• _Task_: Without the images, repeat every line of the listing verbatim.

• _Records supplied_:
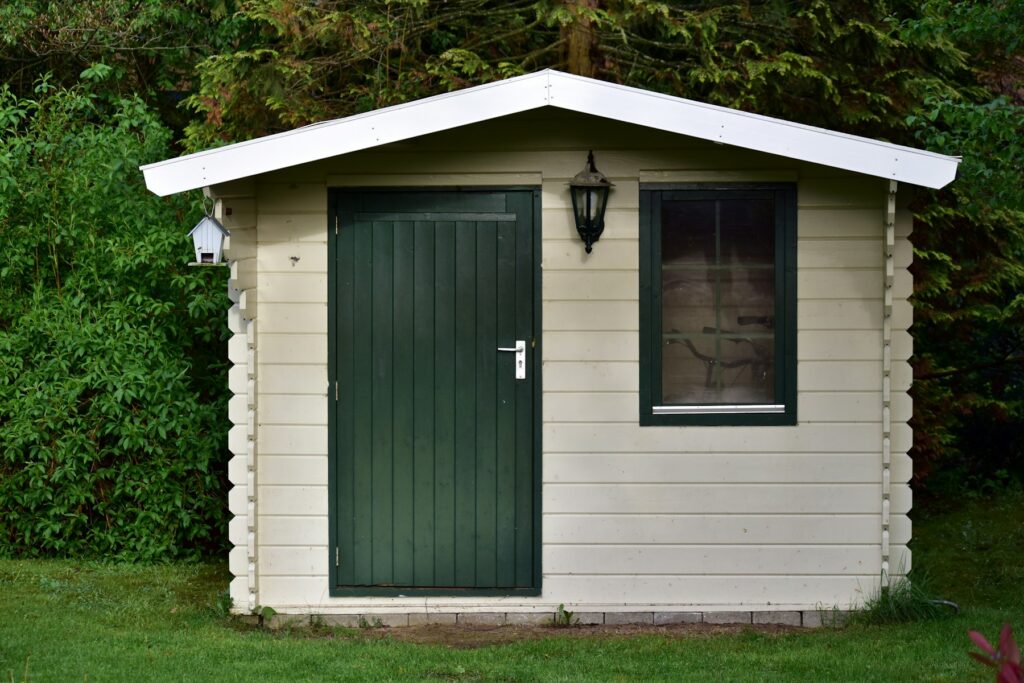Kleines Holzhaus mit grüner Tür und Fenster im Garten – so kann es aussehen, wenn du ein Gartenhaus selber bauen willst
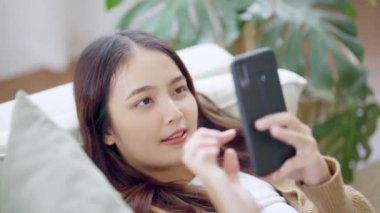 Mutlu genç Asyalı kadın rahat bir kanepede rahat rahat oturup akıllı telefonuna mesaj atıyor, gülümseyen kız cep telefonu kullanıyor, cihaz üzerinde kablosuz internet kullanıyor, evden online alışveriş yapıyor.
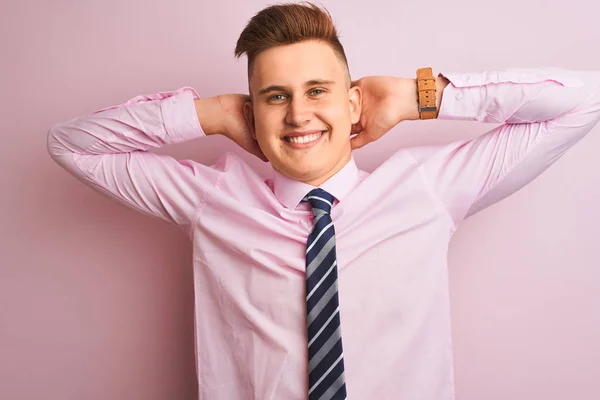 年轻英俊的商人穿着衬衫和领带站在孤立的粉红色背景放松和伸展 手臂和手后头和脖子微笑快乐 — 图库照片
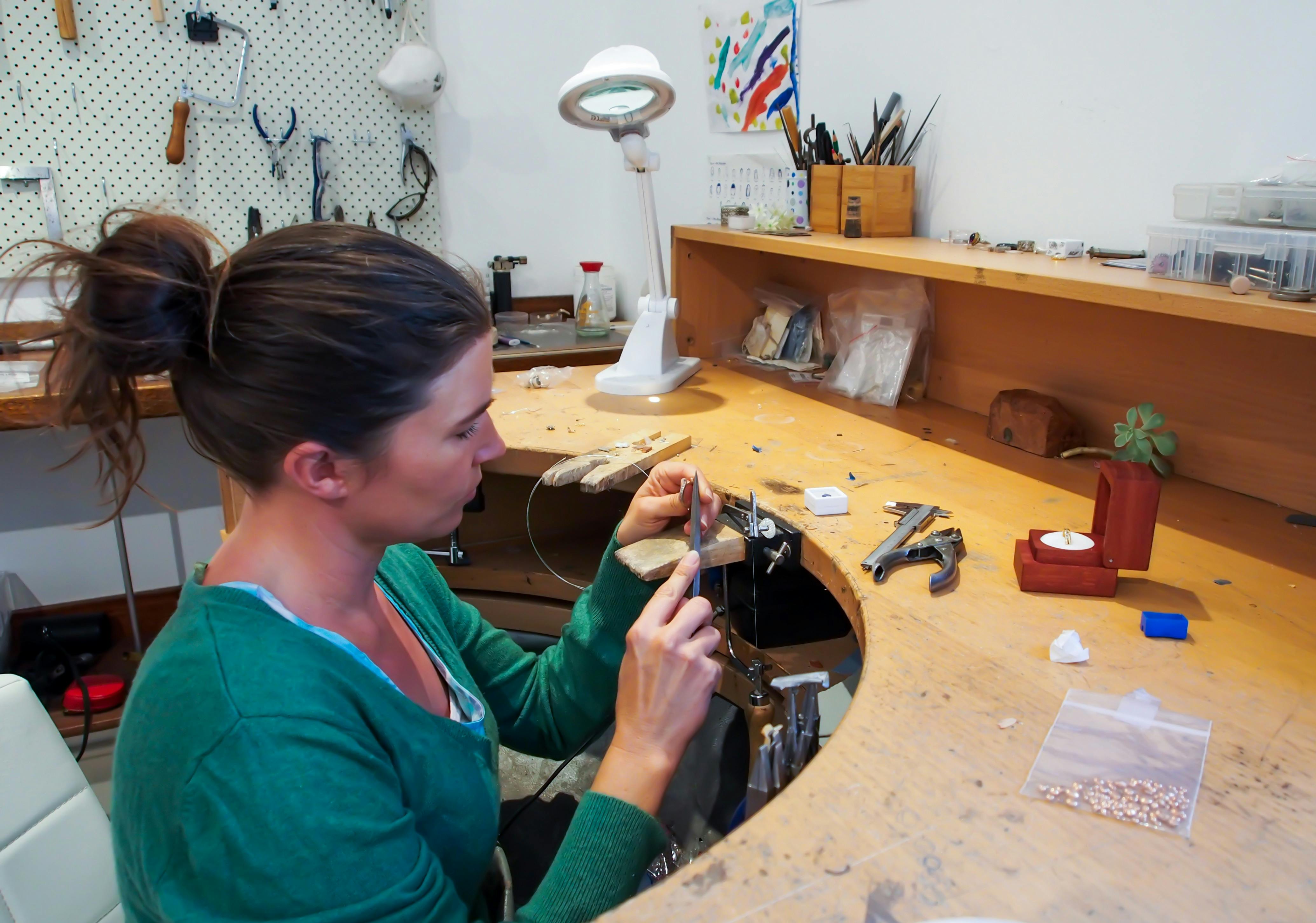 珠宝商佐伊·普克坐在她的珠宝工作台前，正在制作一件珠宝。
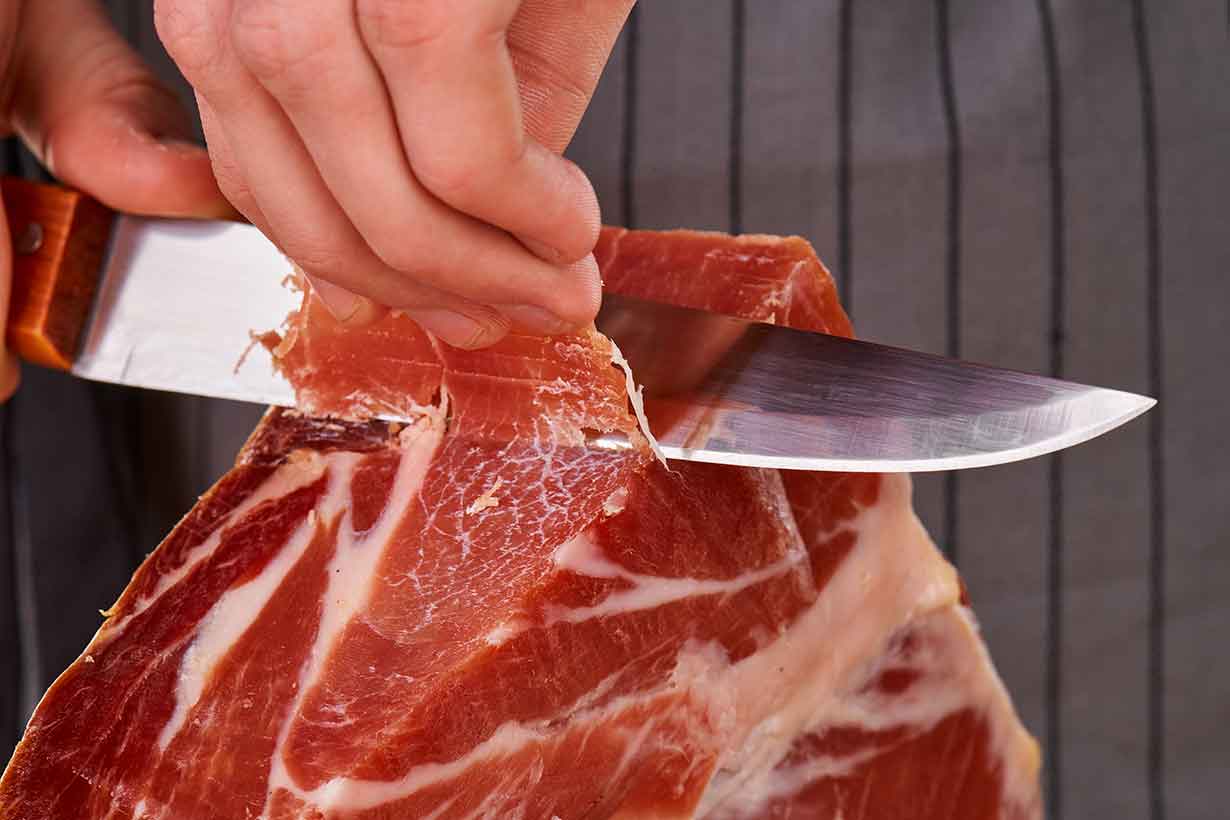 Slicing Jamön (Spanish Cured Ham) With a Sharp Knife.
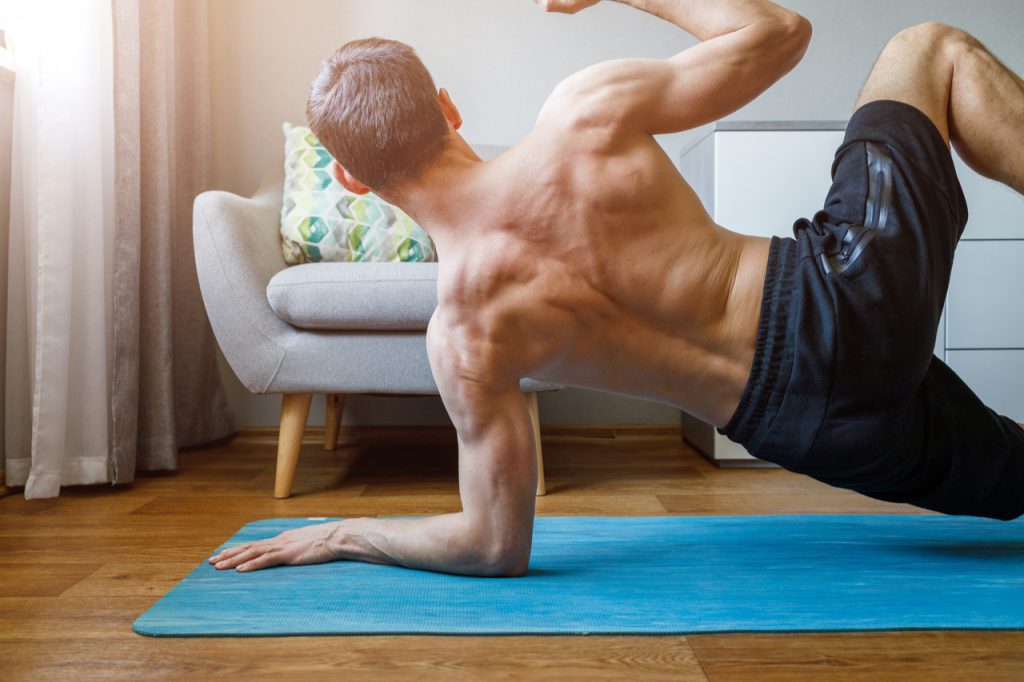 A man doing walking plank in his living room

• _Task solution_:
Kleines Holzhaus mit grüner Tür und Fenster im Garten – so kann es aussehen, wenn du ein Gartenhaus selber bauen willst
 Mutlu genç Asyalı kadın rahat bir kanepede rahat rahat oturup akıllı telefonuna mesaj atıyor, gülümseyen kız cep telefonu kullanıyor, cihaz üzerinde kablosuz internet kullanıyor, evden online alışveriş yapıyor.
 年轻英俊的商人穿着衬衫和领带站在孤立的粉红色背景放松和伸展 手臂和手后头和脖子微笑快乐 — 图库照片
 珠宝商佐伊·普克坐在她的珠宝工作台前，正在制作一件珠宝。
 Slicing Jamön (Spanish Cured Ham) With a Sharp Knife.
 A man doing walking plank in his living room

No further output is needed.